-------- RECORDS SUPPLIED
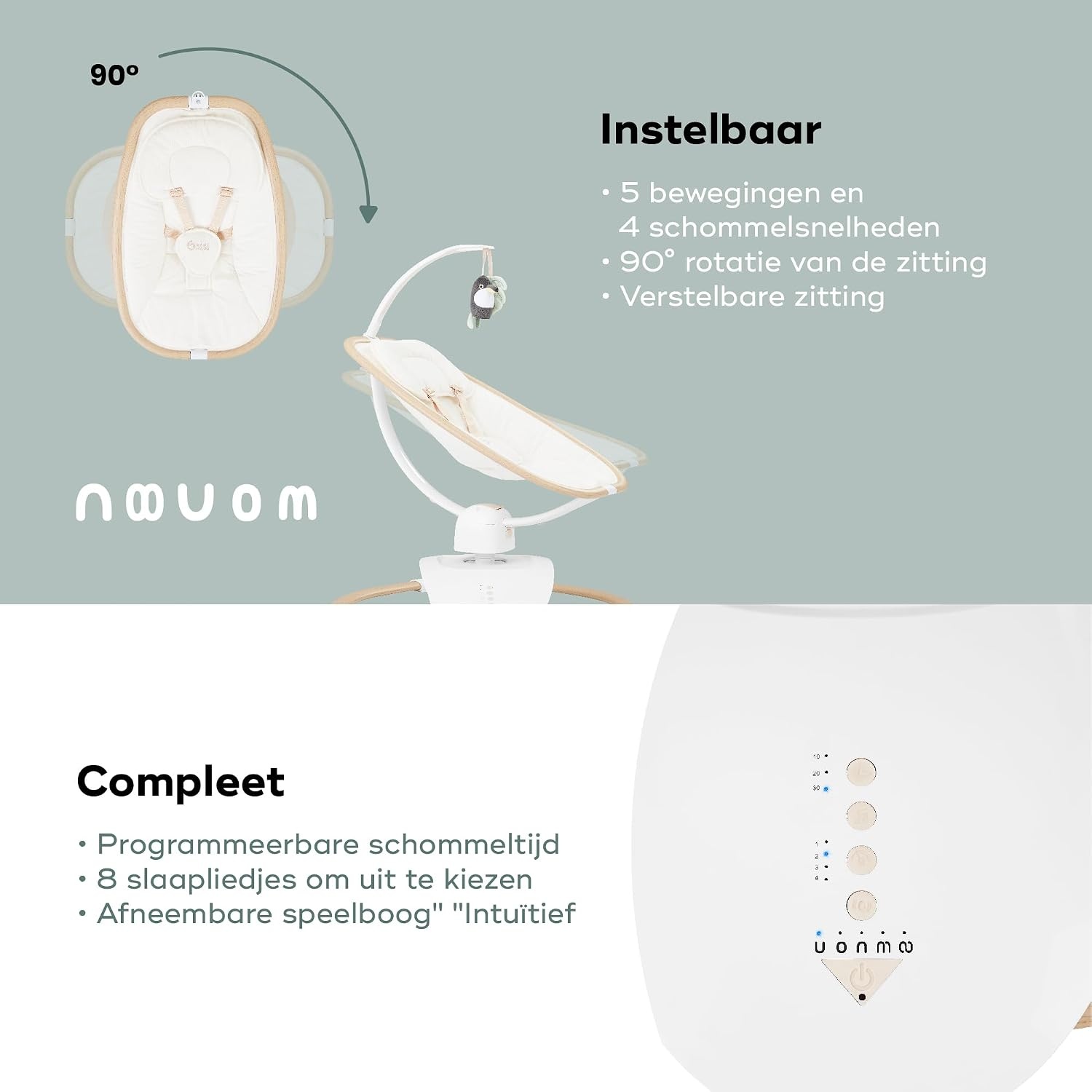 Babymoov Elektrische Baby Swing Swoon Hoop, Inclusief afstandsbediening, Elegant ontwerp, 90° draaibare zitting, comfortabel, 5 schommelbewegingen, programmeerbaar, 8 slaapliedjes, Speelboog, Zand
----------------
-------- RECORDS SUPPLIED
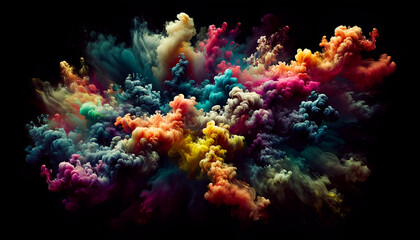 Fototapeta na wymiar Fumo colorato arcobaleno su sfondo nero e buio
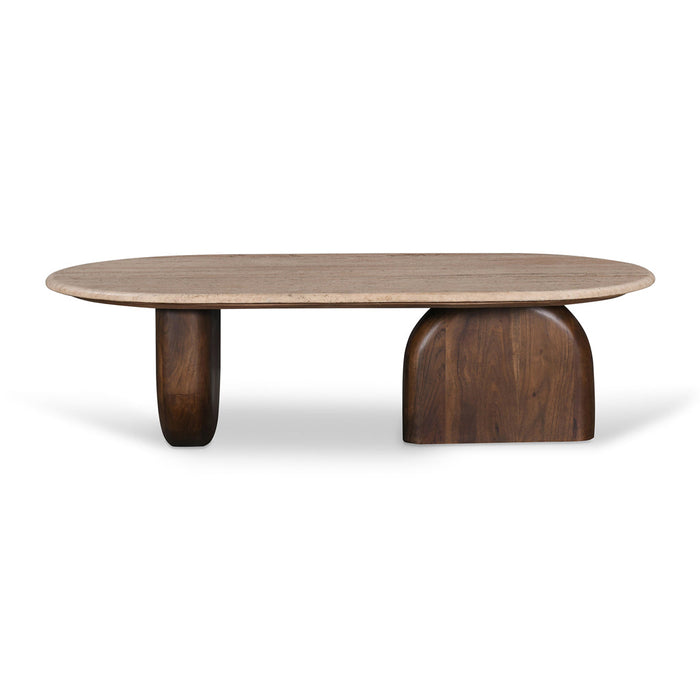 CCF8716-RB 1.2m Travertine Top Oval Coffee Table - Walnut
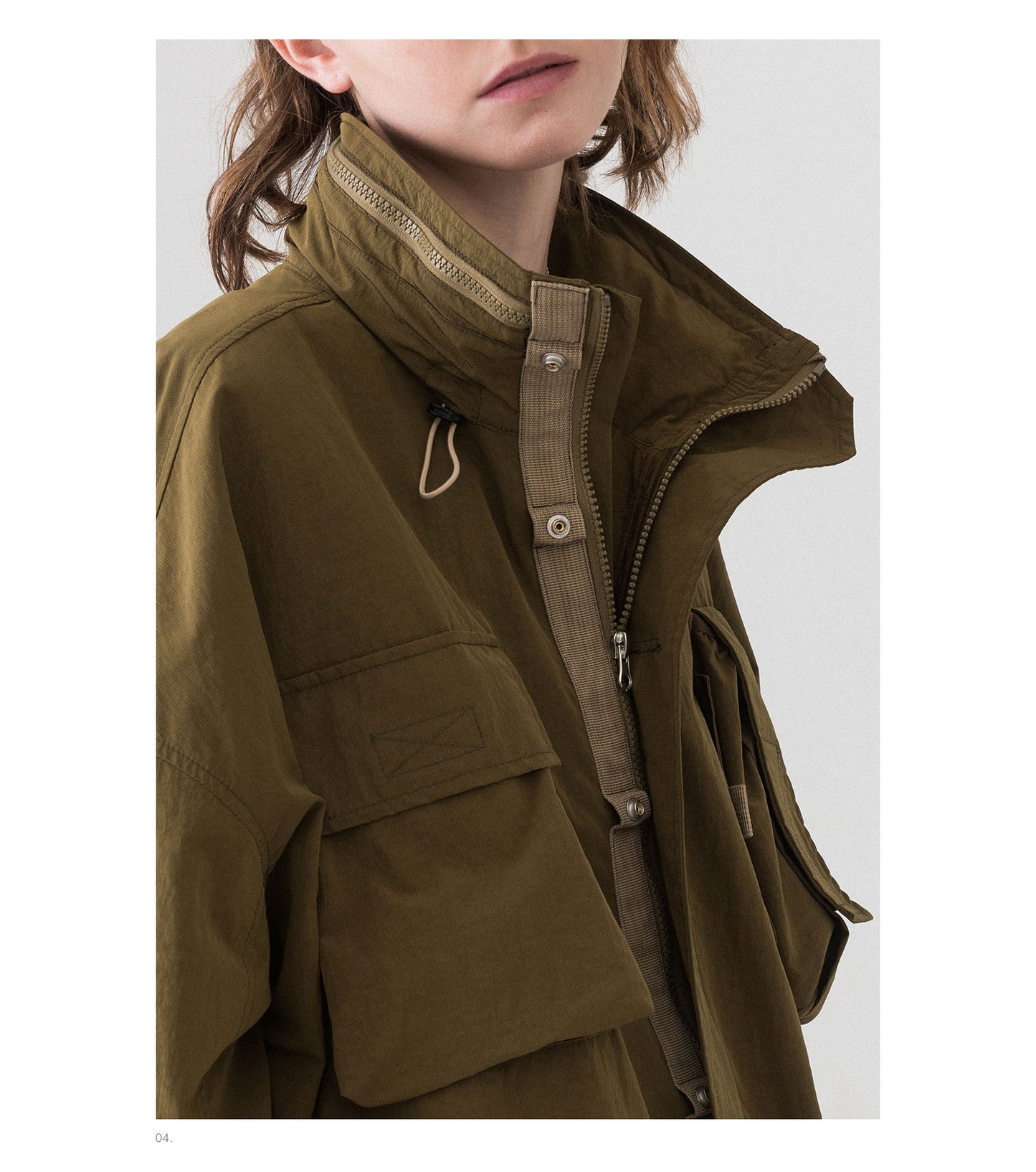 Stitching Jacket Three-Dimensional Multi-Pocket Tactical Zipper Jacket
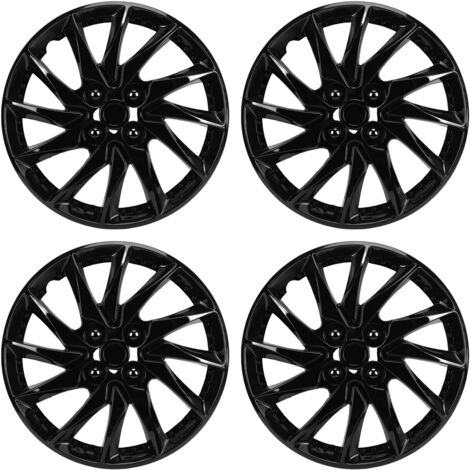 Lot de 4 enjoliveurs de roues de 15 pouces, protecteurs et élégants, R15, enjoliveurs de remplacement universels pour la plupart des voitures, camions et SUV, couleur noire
----------------
__BRIEF__: Starting at the line containing "Fototapeta na wymiar" and stopping at the line containing "Lot de 4 enjoliveurs", output each line exactly as it appears above. Leave out the pictures.

__RESULT OF THIS TASK__:
 Fototapeta na wymiar Fumo colorato arcobaleno su sfondo nero e buio
 CCF8716-RB 1.2m Travertine Top Oval Coffee Table - Walnut
 Stitching Jacket Three-Dimensional Multi-Pocket Tactical Zipper Jacket
 Lot de 4 enjoliveurs de roues de 15 pouces, protecteurs et élégants, R15, enjoliveurs de remplacement universels pour la plupart des voitures, camions et SUV, couleur noire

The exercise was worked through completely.